Interpolated soil moisture data from the SoilNet sensor network in the Wüstebach test site

K. Rötzer, J. Sorg and R. Kunkel

The Wüstebach study site is located in the German low mountain range within the borders of the Eifel National Park near the German-Belgian border. The site covers the area (38.5 ha) of the small catchment of the Wüstebach, with altitudes ranging from 595 to 628 m a.s.l.. It represents the typical, but not natural, spruce forest vegetation type of the region with Norway Spruce (Picea abis L.) as prevailing tree species. During late summer/early autumn of 2013, trees were almost completely removed in an area of 9 ha by the national park forest management in order to promote the natural regeneration of near-natural deciduous forest from spruce monoculture forest. Strong effects are expected on soil, water quality, exchange processes and composition of flora and fauna due to the imposed disturbance that will provide a unique insight into the recovery and regeneration of forest systems (you can find details here).

Figure 1: Wüstebach test site

Soil moisture is measured continuously with the wireless sensor network SoilNet (Bogena et al., 2010). The sensor network in the Wüstebach test site was installed in 2008 and consists of 150 end device units. At each end device, soil moisture is measured at three depths (5, 20, 50 cm) using horizontally installed ECH2O sensors (EC-5 and 5TE, Decagon Devices Inc., Pullman, USA). In addition, two sensors are installed at the same depth with a separation of only 0.05 m.
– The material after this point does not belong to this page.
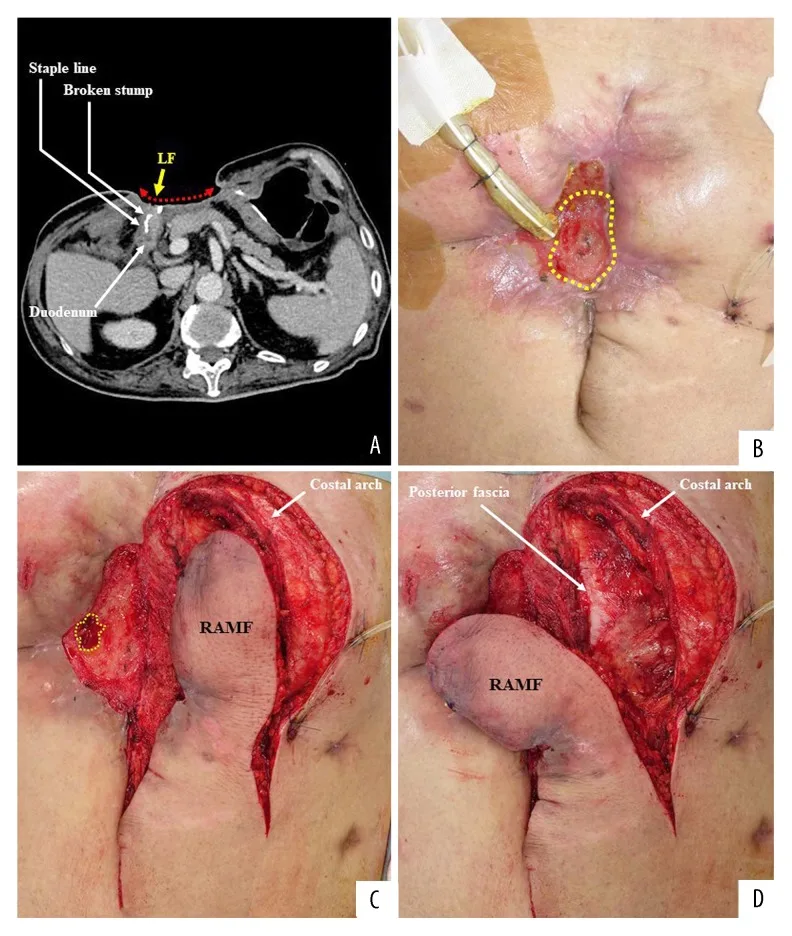 A patient, who was diagnosed with Stage III Gastric Cancer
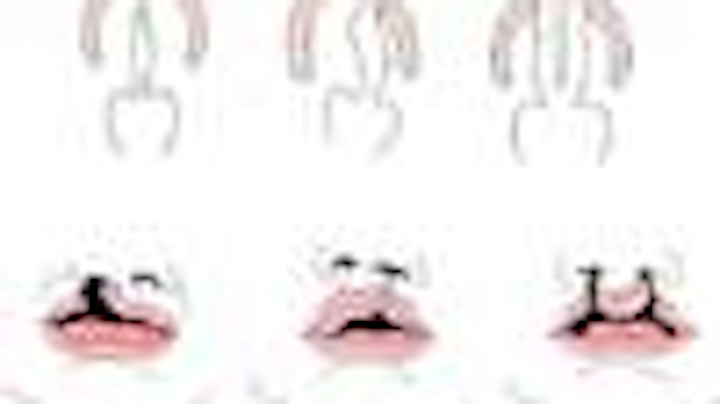 Content Dam Diq Online Articles 2014 09 Cleft Lip Palate Thumbnail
At 5 and 50 cm depths, one EC-5 and one 5TE sensor and at 20 cm depth, two EC-5 sensors are installed. Soil moisture measurements are made every 15 minutes (Rosenbaum et al., 2012).

Precipitation data shown in this application are measured with an Ott Pluviometer at one of the climate stations at the test site (Graf et al., 2014), which is located in the deforested area east of the “Matthiasweg” (see Figure 1). If data are not available for the chosen time period, preciptation data from the nearby located Schoeneseiffen station is displayed.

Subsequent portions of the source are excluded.